I learned of the road from an “Alpine Ranger,” a fellow in an official capacity sitting up above Animas Forks observing the rather heavy traffic yesterday (Friday). We chatted for quite awhile. I vaguely described a road that I thought cut up into the mountains and came out along California Gulch Road. He noted it was Picayne Gulch and told me it wasn’t far south of Animas Forks. So, I followed his instructions and found San Juan County Road 9, taking off rather steeply to the west from the main road between Animas Forks and Silverton. I found several photo opportunities, which I share here.
I found some stairs leading down to what looked like the toilets. The staircase has come completely detached and should not be entered.
This next photo shows a structure that was apparently intended to be a covered bridge to another building. It has fallen and twisted. I thought the interplay of the studs, floor, ceiling, and sunlight made for cool modern art.
There are several other buildings in the area. The next photo shows a mill. You can just see the rails going into the top—their support is long gone and the old iron droops across the void. The ore was shuttled to the top and gravity-fed into the mill. The mill was there to concentrate the ore.

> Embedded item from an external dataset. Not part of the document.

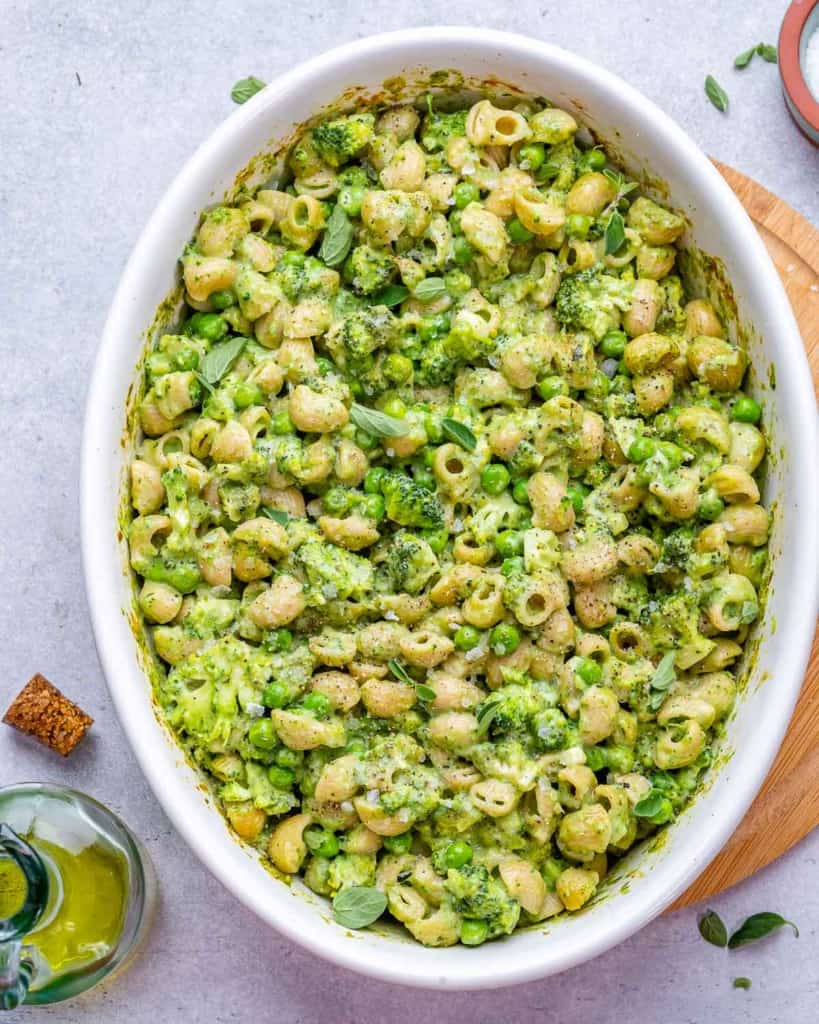 top view green ,ac and cheese in a white dish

Okay, back on the road. The photo below shows the road up, and I do mean up, County Road 9.
I came around a corner and was amazed to see that someone has constructed a home up on what must be a horrendously windy point. Many mining claims are still in private hands. The Colorado Constitution says that if a person has 35 or more acres of land, they can build a home on it and no one can stop them. I’m not sure I’d like to live up here. The wind must be incessant and access is available in winter only after a long snowmobile drive, and vehicle access is pretty much a one-season thing.
Further riding gets one to the ridge separating Picayne Gulch from Placer Gulch. The following photo is a panorama taken from atop the summit looking north. In the distance you can see where CR 9 intersects California Gulch Road.
The road continues to be easy to traverse. Just beyond the summit is an overlook, which looks south and into some wild country. The road then winds down between some more ruined mining structures and then on down to intersect with California Gulch Road. I opted to turn left and head up over California, Hurricane, and Corkscrew Passes, which I describe in another post.